« Ce sont eux qui sont beaux. J’ai eu tort ! Oh ! comme je voudrais être comme eux. Je n’ai pas de corne, hélas ! Que c’est laid, un front plat. Il m’en faudrait une ou deux, pour rehausser mes traits tombants. Ça viendra peut-être, et je n’aurai plus honte, je pourrai aller tous les retrouver. Mais ça ne pousse pas ! (Il regarde les paumes de ses mains.) Mes mains sont moites. Deviendront-elles rugueuses ? (Il enlève son veston, défait sa chemise, contemple sa poitrine dans la glace.) J’ai la peau flasque. Ah, ce corps trop blanc, et poilu ! Comme je voudrais avoir une peau dure et cette magnifique couleur d’un vert sombre, une nudité décente, sans poils, comme la leur ! »
Eugène Ionesco, Rhinocéros, éditions Folio Gallimard, 1959
À partir de ce fragment de texte, trois corps sont à imaginer. Celui du corps humain, au front plat et laid, aux traits tombants, aux mains moites, à la peau flasque, trop blanche et trop poilue, l’autre, le corps animal, le rhinocéros (à vous de vous documenter pour savoir, comprendre sa morphologie) et le dernier l’hybridation, entre corps humain et rhinocéros, un corps en pleine mutation, transformation.

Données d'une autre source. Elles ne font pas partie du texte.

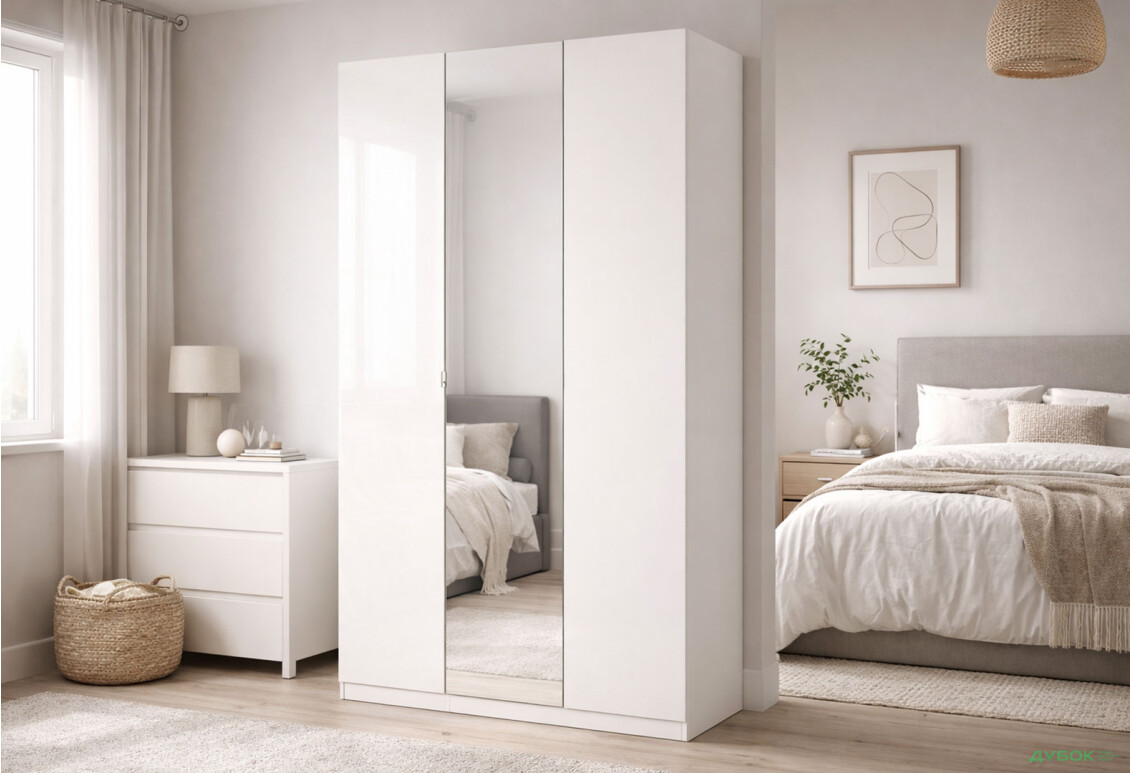 Зображення 2 - Шафа MiroMark Лілі / Lily 3-дверна із дзеркалом 134 см, глянець кашемір, серія Н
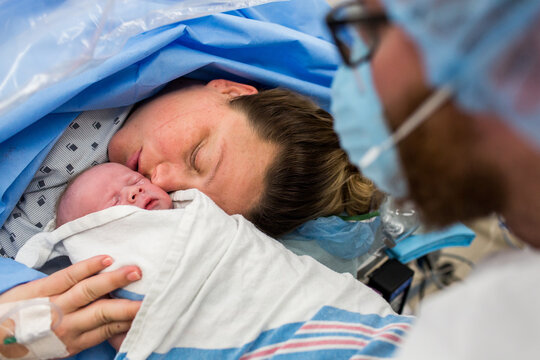 Mom Whispering To Baby After C-Section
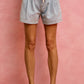 SO ME mid-rise light-wash denim shorts with cotton tape drawstring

Votre défi sera celui de faire comprendre la beauté du corps du rhinocéros et la laideur du corps humain. Qu’est-ce qui pourrait bien donner l’envie, le besoin de changer sa peau contre une autre ? Pouvons-nous ici envisager la sublimation et réfléchir au pourquoi de l’effacement de l’identité humaine ?
À vos monstres, prêts ? Partez !
Références : les artistes Orlan, Damien Hirst, Trina Merry, Gesine Marwedel, Guido Daniele.